Tu n'auras pas à attendre bien longtemps, je peux te répondre tout de suite.
Je ne veux absolument pas réduire mon taux d'échec en DEUG ni en licence (pour la maîtrise et les thèses c'est un peu différent, mais pas vraiment mieux, je passe sur les détails). Je suis opposé à toutes les mesures destinées à réduire (en apparence) ce taux d'échec : capitalisation, options-bidon, compensation et tout le reste. J'aimerais au contraire que l'on donnât aux étudiants les notes qu'ils méritent vraiment et que ce taux d'échec fût colossal, hénaurme, entre 90 et 95%, pour obliger les décideurs à regarder la réalité en face : le bac actuel est de la merde, de la vraie merde, il ne qualifie personne pour entreprendre des études universitaires. Et pourquoi ce bac, qui était considéré il y a une trentaine d'années comme le meilleur du monde, est-il devenu de la merde? A cause de zigotos comme toi qui se sont acharnés, avec haine, patience et obstination, à détruire l'école primaire, puis le collège, puis le lycée et qui veulent maintenant détruire la Fac (ils ne savent même pas que la fac est déjà globalement morte) en jouant sur les épreuves des concours, les modules de pré-professionnalisation en licence et tout le bazar.

> **quant aux "inefficaces théories de l'apprentissage" ne parle que de ce que tu connais et le silence sera bénéfique pour tous.

Gérard GUILLOT
PIUFM POITIERS.

Je te trouve bien audacieux, mon cher, de décider de ce que je connais ou je ne connais pas. Les "théories de l'apprentissage" sont ce qu'elles sont, des théories dont personne ne peut définir les critères de scientificité parce qu'elles sont, comme dirait le vieux Popper, "non-falsifiables" et qu'elles varient au gré des écoles (en gros comportementalisme vs cognitivisme).
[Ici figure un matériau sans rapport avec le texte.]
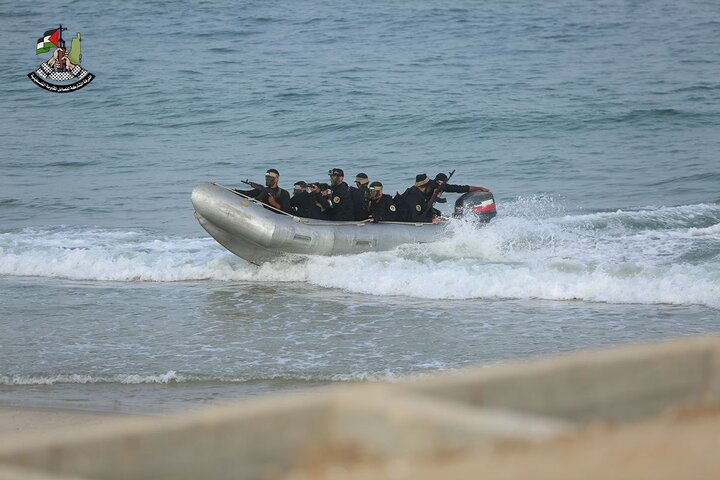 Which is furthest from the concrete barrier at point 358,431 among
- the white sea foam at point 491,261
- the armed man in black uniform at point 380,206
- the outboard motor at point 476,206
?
the outboard motor at point 476,206

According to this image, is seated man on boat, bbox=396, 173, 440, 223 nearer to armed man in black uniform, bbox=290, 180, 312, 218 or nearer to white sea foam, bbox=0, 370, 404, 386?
armed man in black uniform, bbox=290, 180, 312, 218

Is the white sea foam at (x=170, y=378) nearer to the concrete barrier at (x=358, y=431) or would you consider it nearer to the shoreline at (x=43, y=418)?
the shoreline at (x=43, y=418)

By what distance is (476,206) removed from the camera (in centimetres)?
1443

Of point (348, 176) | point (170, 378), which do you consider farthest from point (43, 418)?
point (348, 176)

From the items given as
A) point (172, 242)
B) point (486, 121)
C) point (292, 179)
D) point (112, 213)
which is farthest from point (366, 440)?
point (486, 121)

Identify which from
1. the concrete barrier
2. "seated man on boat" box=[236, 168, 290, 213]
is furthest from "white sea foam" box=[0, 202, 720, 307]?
the concrete barrier

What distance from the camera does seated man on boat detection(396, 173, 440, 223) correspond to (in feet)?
45.4

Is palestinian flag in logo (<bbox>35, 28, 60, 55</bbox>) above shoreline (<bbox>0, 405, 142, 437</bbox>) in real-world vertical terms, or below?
above

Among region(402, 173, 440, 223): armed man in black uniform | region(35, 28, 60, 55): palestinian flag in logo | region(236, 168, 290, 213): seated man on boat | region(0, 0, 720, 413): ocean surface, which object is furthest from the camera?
region(35, 28, 60, 55): palestinian flag in logo

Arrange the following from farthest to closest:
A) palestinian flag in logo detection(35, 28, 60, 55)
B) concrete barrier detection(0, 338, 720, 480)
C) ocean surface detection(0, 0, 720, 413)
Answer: palestinian flag in logo detection(35, 28, 60, 55)
ocean surface detection(0, 0, 720, 413)
concrete barrier detection(0, 338, 720, 480)

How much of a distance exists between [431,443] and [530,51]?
30.6 meters

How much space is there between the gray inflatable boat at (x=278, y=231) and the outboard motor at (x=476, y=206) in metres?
0.64

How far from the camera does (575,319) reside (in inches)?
427

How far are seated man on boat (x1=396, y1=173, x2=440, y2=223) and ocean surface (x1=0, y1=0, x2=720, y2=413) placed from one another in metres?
0.48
Mais qu'elles soient "inefficaces" pour ce dont il s'agit - la formation des maîtres et l'enseignement lui-même - je le dis et le maintiens. De même que l'acoustique (qui est pourtant une vraie science) est totalement inefficace pour apprendre à jouer du violon. Quand la race des théoriciens de l'apprentissage n'existait pas, l'école française se portait très bien et suscitait l'admiration du monde entier. Depuis qu'ils sont là, le naufrage est patent.
Le constat ne souffre pas de discussion. En conséquence de quoi, leur disparition serait "bénéfique pour tous".
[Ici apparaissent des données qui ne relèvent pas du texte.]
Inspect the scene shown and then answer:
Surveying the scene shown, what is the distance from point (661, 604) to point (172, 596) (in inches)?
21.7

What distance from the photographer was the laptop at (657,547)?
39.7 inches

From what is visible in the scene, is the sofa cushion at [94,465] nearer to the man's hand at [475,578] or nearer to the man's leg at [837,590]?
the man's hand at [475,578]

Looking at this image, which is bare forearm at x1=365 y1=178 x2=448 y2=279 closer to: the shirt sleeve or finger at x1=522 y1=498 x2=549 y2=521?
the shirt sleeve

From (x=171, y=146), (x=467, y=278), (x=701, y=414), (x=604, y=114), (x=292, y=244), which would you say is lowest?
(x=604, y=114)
ENVOI (à la fin de l'envoi, je me mouche) : puisque tu parles de torchons, je te conseille de relire (ou de lire) le chapitre sur les torche-culs dans Rabelais. Superbe. J'y ajouterais un item : tout ce qui vient des IUFM et des sciences de l'éduc (avec les exceptions déjà mentionnées).

Ciao
Pedro CORDOBA
Université de Reims

PS. Au fur et à mesure que je répondais, j'ai fini par comprendre que tu t'en prenais au texte de la pétition contre les IUFM. Une pétition est une pétition, avec sa rhétorique propre, et on ne peut guère y développer une vraie argumentation. Mais il y a bien d'autres textes sur notre site. Tu peux en particulier lire ceux de Michel Delord, qui est au Comité directeur de la Société Mathématique de France, chargé des questions de pédagogie. Je prépare moi-même un livre sur les IUFM. Je te tiendrai au courant quand il sera fini. Nous pourrons alors avoir un débat plus sérieux (et plus serein).